== Problem requirements ==
Please repeat, exactly and without pictures, the lines of the entries below that run from the one containing "Grilles de remplacement" through the one containing "2/3Way IP66 Outdoor".

== Given records ==
- - - - - - -
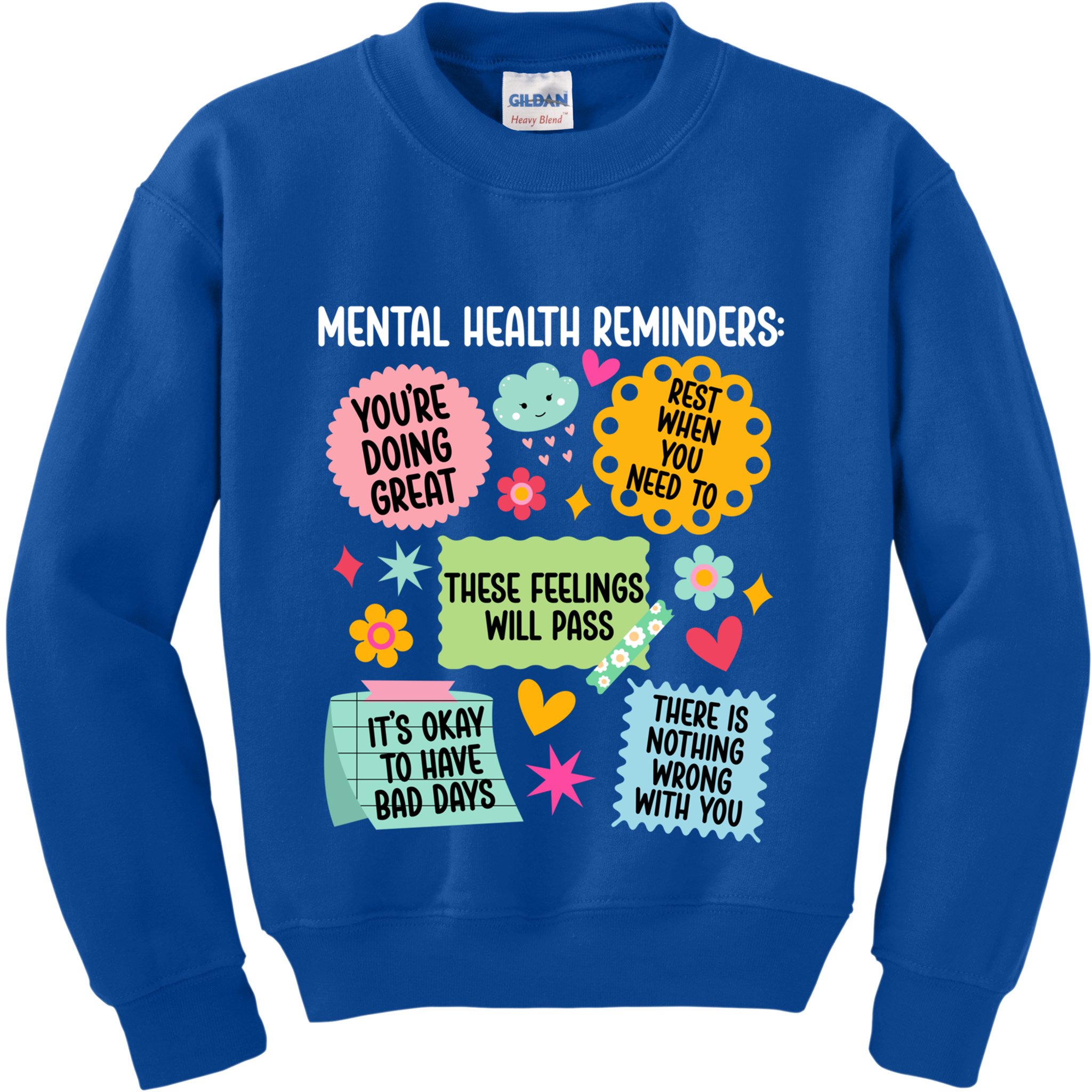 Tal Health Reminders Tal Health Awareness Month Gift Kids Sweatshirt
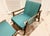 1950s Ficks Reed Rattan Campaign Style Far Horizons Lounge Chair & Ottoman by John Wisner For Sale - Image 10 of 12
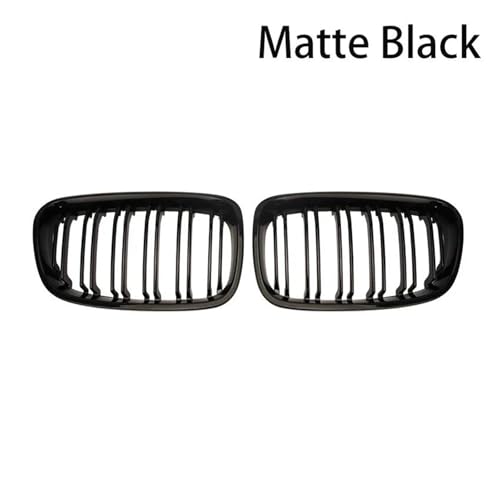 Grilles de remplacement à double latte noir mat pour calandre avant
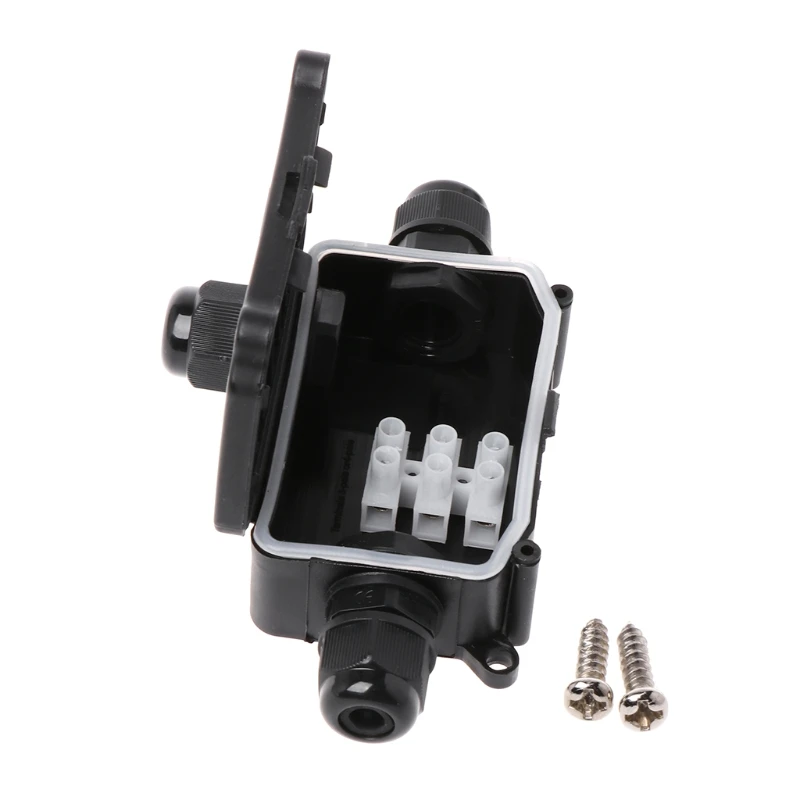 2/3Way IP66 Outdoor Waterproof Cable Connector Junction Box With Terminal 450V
- - - - - - -
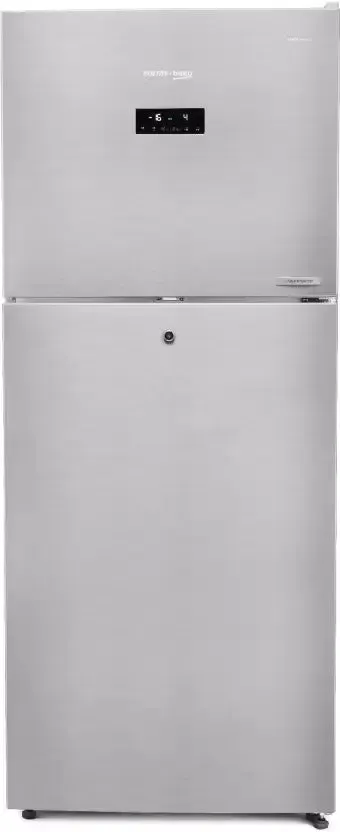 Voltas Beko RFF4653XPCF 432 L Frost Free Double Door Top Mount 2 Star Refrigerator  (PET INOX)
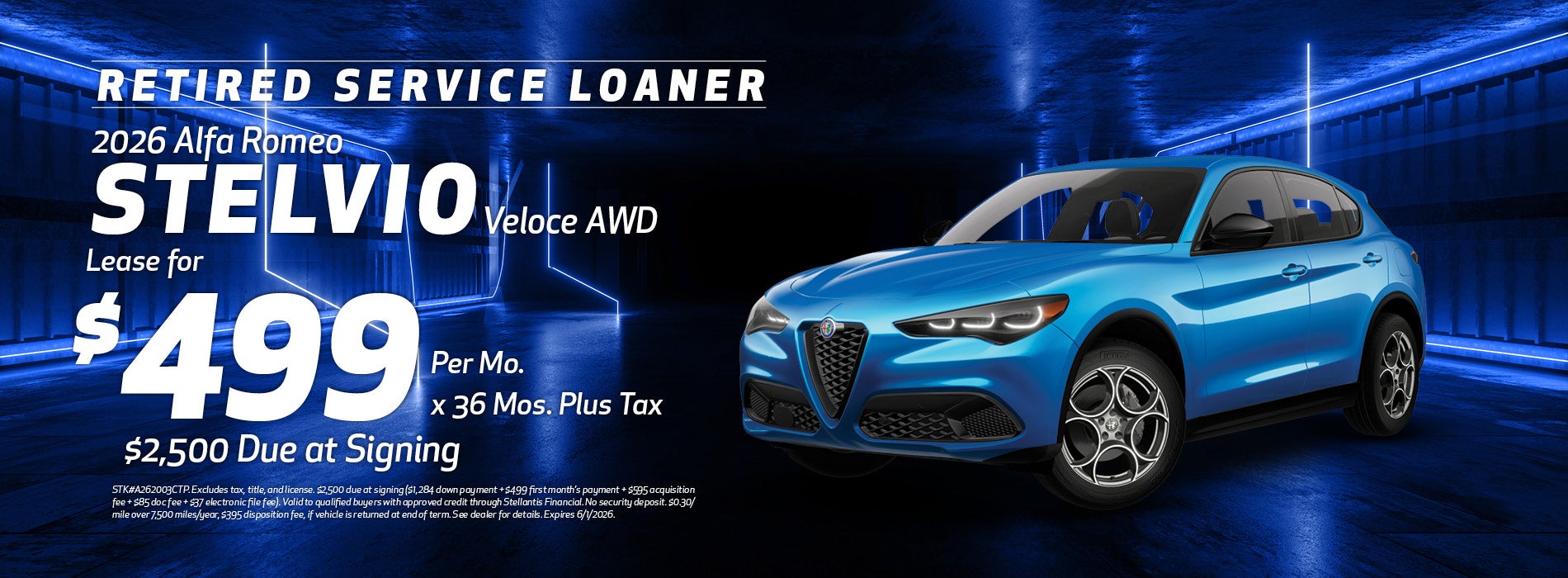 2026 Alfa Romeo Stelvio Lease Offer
- - - - - - -
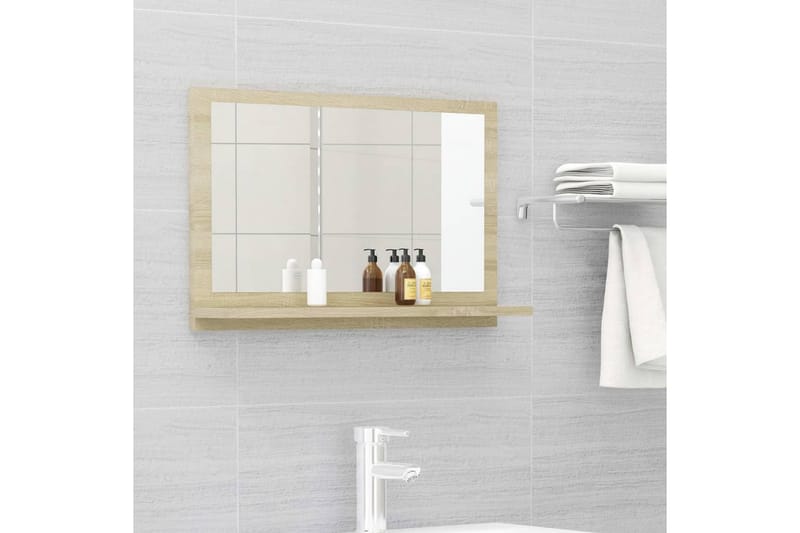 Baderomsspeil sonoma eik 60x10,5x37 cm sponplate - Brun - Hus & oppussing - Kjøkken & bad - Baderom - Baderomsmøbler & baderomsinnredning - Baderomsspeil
- - - - - - -
== Task output ==
 Grilles de remplacement à double latte noir mat pour calandre avant
 2/3Way IP66 Outdoor Waterproof Cable Connector Junction Box With Terminal 450V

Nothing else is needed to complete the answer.